在数据流中,我有两个关键组件:OLE DB 源组件(Source - Minute Table)和脚本转换任务(Destination - Minute Table)。

“源-分钟表”从访问数据库中获取数据。“目标 - 分钟表”转换数据并将其插入到适当的数据库和表中。

一切正常。我在一个拥有 491,000 多条记录的数据库上对其进行了测试,耗时 1 分钟。但是,我正在与我们的一个较大的客户进行测试,该客户具有 50 多个参数,并且访问数据库包含 2+ 百万条记录。包裹一直飞到我达到大约 477,000 条记录,然后它几乎停止了。我可以等待 10 分钟,甚至更长时间,直到记录计数更新,然后再继续等待。

我做了很多研究,并遵循了我发现的所有建议和指导方针。我的数据源未排序。我在 OLE DB 源中使用 SQL 命令而不是表等。

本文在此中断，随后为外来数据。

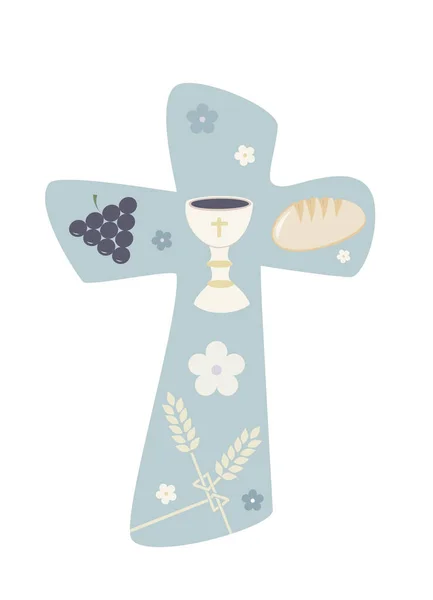 Christliches Kreuz Mit Kelch Traubenbrot Und Weizenähre Religiöses Zeichen Pastellblauer — Stockvektor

我已经多次更改 DefaultBufferMaxRows 和 DefaultBufferSize 的值并得到相同的结果。

代码:

Public Class ScriptMain
Inherits UserComponent

Private conn As SqlConnection
Private cmd As SqlCommand
Private DBName As SqlParameter
Private columnsForInsert As SqlParameter
Private tableValues As SqlParameter
Private numberOfParams As Integer
Private db As String
Private folderPath As String
Private dbConn As String
Private folder As String
Private columnParamIndex As Integer
Private columnDate As DateTime
Private columnMinValue As Double
Private columnStatus As String
Private columnCnt1 As Int16
Private dateAdded As Boolean = False
Private columnStatusCnt As String
Private columnsConstructed As Boolean = False
Private buildValues As StringBuilder
Private columnValues As StringBuilder
Private i As Integer = 0

'This method is called once, before rows begin to be processed in the data flow.
'
'You can remove this method if you don't need to do anything here.
Public Overrides Sub PreExecute()
    MyBase.PreExecute()

    Try
        'Dim dbConnection As String = "Server=(local)\SQLExpress;Database=DataConversion;User ID=sa;Password=sa123;"
        'conn = New SqlConnection(dbConnection)
        'conn.Open()
        'cmd = New SqlCommand("dbo.InsertValues", conn) With {.CommandType = CommandType.StoredProcedure}

        'columnsForInsert = New SqlParameter("@Columns", SqlDbType.VarChar, -1) With {.Direction = ParameterDirection.Input}
        'cmd.Parameters.Add(columnsForInsert)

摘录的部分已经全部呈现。